But Fain also put his heart and soul into trying to elect Kamala Harris president, because the partisan stakes have never been higher than they were in 2024. Unlike Obama, Biden lent stronger support to labor than any president since Harry Truman (possibly to a fault in halting Nippon Steel’s purchase of U.S. Steel on dubious national-security grounds). Trump, despite enjoying strong working-class support, had an unusually dismal record on labor during his first administration, even for a Republican, and of course he made it personal, saying, for instance, that then-AFL-CIO President Richard Trumka “represented his union poorly…. It is easy to see why unions are doing so poorly.” (For the record, the AFL-CIO is not a union, it’s a federation of 61 unions.)

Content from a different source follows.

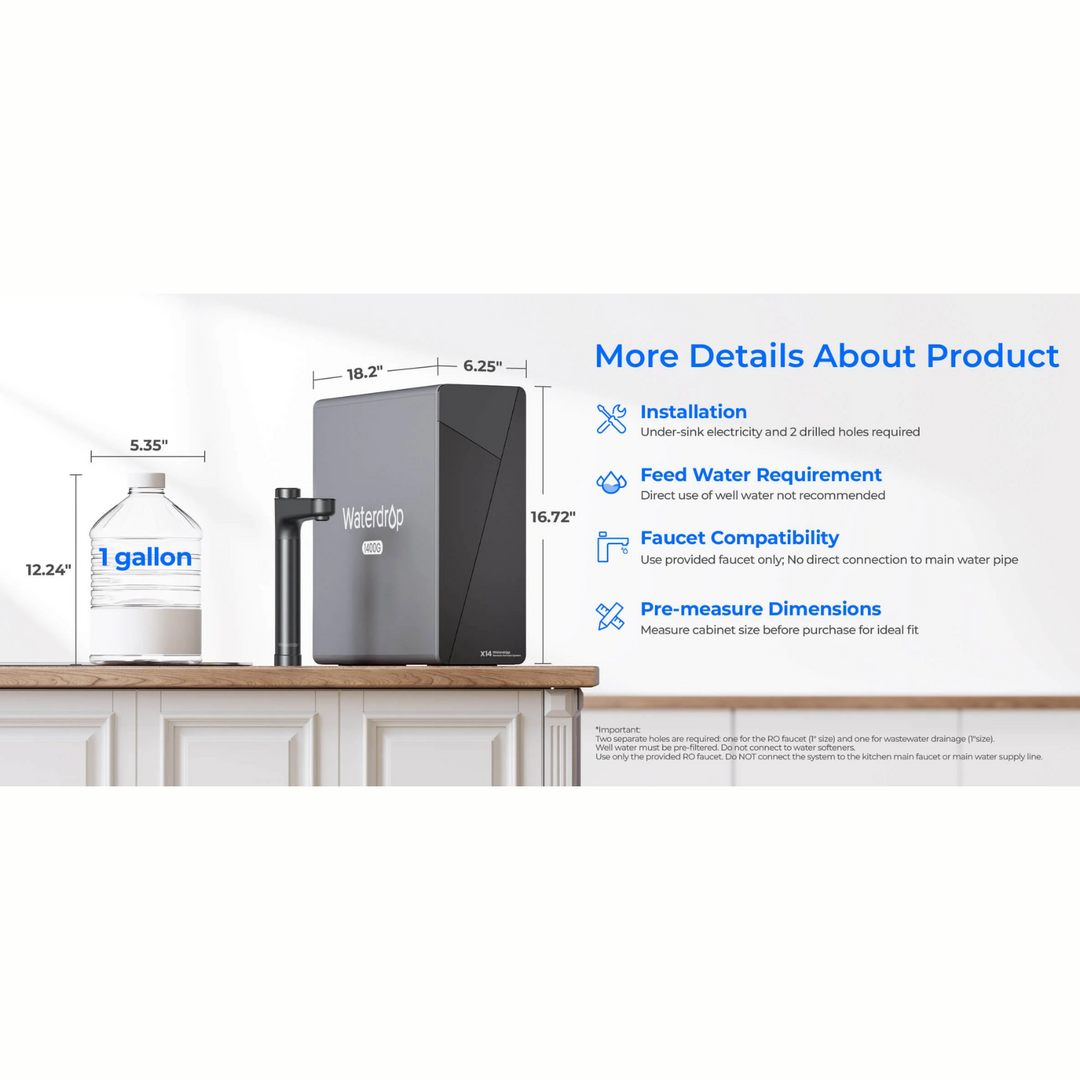 Waterdrop X Series Tankless Undersink Reverse Osmosis System X14 High Efficiency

One labor leader for whom Trump maintains a soft spot is Harold Daggett, the president of the ILA. Daggett is a Trump fan even though it’s virtually certain that had Trump been president during the October dock strike he would have used his powers under the Taft-Hartley law to halt it—something Biden refused to do. Daggett kept his union neutral in the presidential race, which (like Teamsters President Sean O’Brien’s same move after he was invited to speak at the Republican convention) amounted to a sotto voce Trump endorsement. Trump rewarded Daggett by endorsing Daggett’s anti-automation stance in contract negotiations. Now Daggett is saying Trump “gets full credit” for averting the second dockworkers’ strike.

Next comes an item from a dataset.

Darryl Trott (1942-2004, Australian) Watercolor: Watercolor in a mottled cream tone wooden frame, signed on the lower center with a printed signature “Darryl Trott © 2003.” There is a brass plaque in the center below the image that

That’s a bald-faced lie. The truth is that the Biden administration, in hammering out an agreement, averted the dockworkers’ threat to go out on strike a second time on January 16, four days before Trump’s inauguration. It wouldn’t astonish me to learn that Trump’s team told Daggett that if he didn’t credit Trump then Trump would denounce the deal as yet another Biden sellout, killing Daggett’s chances of securing the necessary ratification from ILA’s rank and file. I have no evidence that this happened, but we all know Trump routinely stoops that low. Since National Economic Council director Lael Brainard, Acting Labor Secretary Julie Su, and Transportation Secretary Pete Buttigieg, who played a central role in hammering out the maritime deal, don’t likely feel at liberty to say the following to Trump, allow me to say it for them. You’re welcome, asshole.